Granularity: It compares the activity composition levels of process elements to find matches. SCOR and EM differ in mid- and lowest-level processes. SCOR's mid-level "Process Categories" configure capabilities of "Major Processes" with at least three categories (e.g., "Plan," "Source," "Deliver"). In contrast, EM's Value Chain processes mainly consist of a single element. At the lowest level, EM describes "Business processes" activities by listing unit operations, while SCOR's "Process Elements" detail each processing element in the "category processes." Consequently, SCOR's higher-level simplicity contrasts with its specificity at lower levels, requiring EM to break down its level 3 processes into more detailed elements.

Behavior/Structure: It analyzes activity sequences and abstraction levels. EM and SCOR have three abstraction levels, but EM processes are not strictly sequential, whereas SCOR's framework follows a defined sequence of activities. This rigidity in SCOR does not accommodate the flexible industrial dynamics depicted in EM; hence, it requires an external toolbox for modeling.

For the design requirements of the "Deliver" BP, it's, first, essential to comprehend the equivalence of the "Sell" process, ensuring it aligns with SCOR's standard framework for maintaining consistency in process building across different supply chain segments. Second, understanding the mining industry for seamless integration of the EM model into SCOR. This requires a deeper understanding of mining industry BPs and the differences between upstream and downstream industrial dynamics, which is covered by the authors' experience and supported by specialized literature in the extractive mineral industry. This ensures that the unique aspects of mining BPs are accurately reflected in the "Deliver" BP model. Finally, an external business process modeling tool is needed to represent industrial dynamics, as SCOR alone is not capable of doing so. So, the BPMN 2.0 (Object Management Group, 2010) is a well-known toolbox for business process modeling that can be integrated with the SCOR model (Cheng et al., 2010; Lhassan et al., 2018; Torres, 2011; Verdouw et al., 2011; Zúñiga, 2015).

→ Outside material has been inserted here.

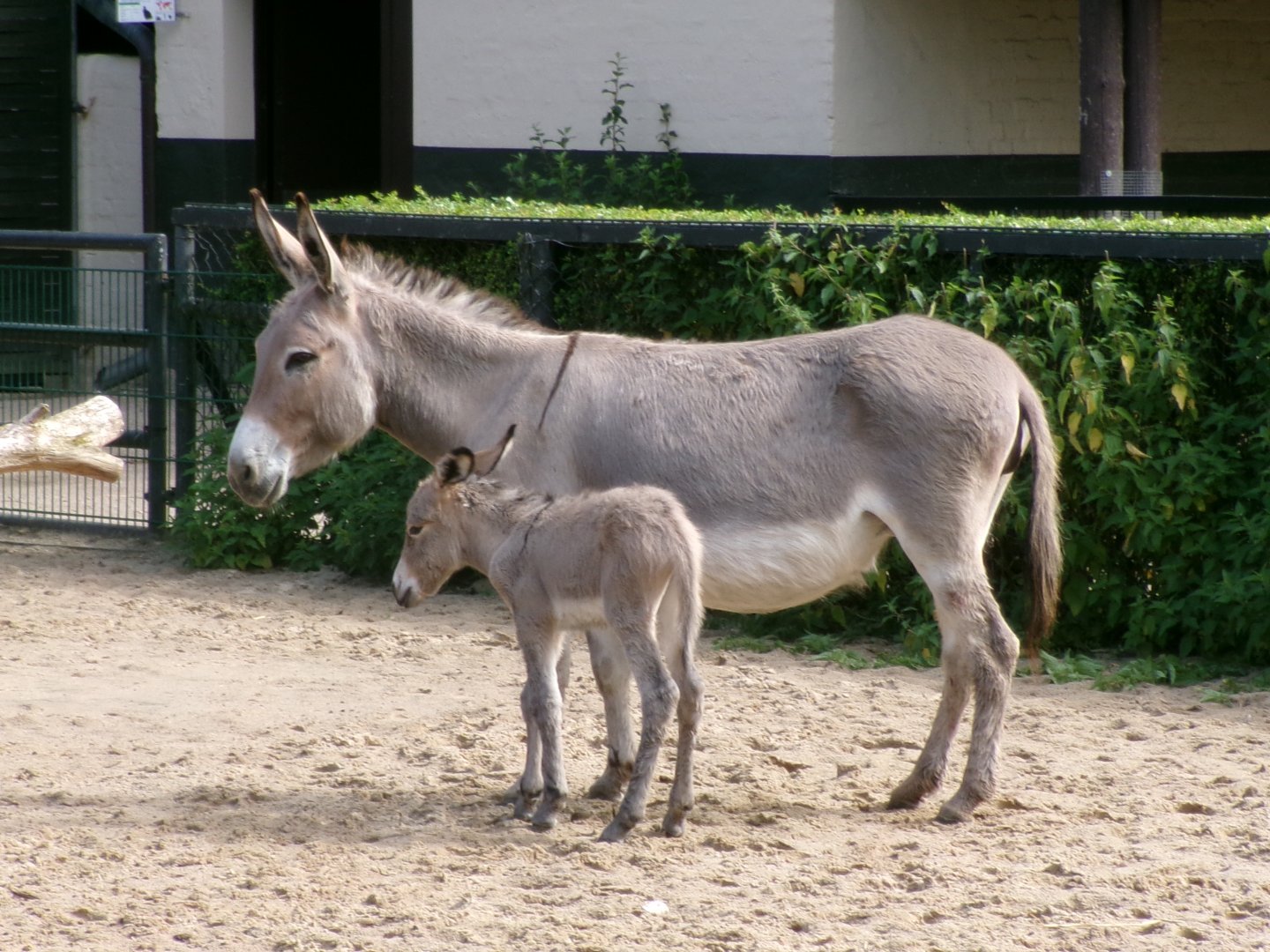 Thuringian forest donkeys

5. Modeling the "Deliver" process of the MiSC´s Upstream Segment

This section outlines the design and development of the "Deliver" BP. The EM's "Sell" enterprise process is adapted and modeled based on SCOR levels. First, the "Sell" process is modeled at the highest SCOR level. Then, the EM's Value Chain processes for "Sell" are modeled using SCOR. Finally, the detailed industrial activity processes of the EM's "Sell" Value Chain are modeled with SCOR and supported by the BPMN 2.0.

5.1 Highest level processes – Abstraction Level 1

The EM defines "Sell" as a customer-focused process that deals with product disposal, revenue generation, and marketing. "Sell" involves five value chain processes: i) "Engage Customer," which entails customer interaction and information gathering; ii) "Handle Order," which involves obtaining accurate product information and analyzing customer preferences; iii) "Ship & Distribute," which carries out the shipment and distribution of products to customers; iv) "Process Financial Transaction," which recognizes revenue and tracks debt resulting from order fulfillment; and v) "Support product marketing," which requires strategic customer and order information to ensure effective marketing of products in line with organizational goals.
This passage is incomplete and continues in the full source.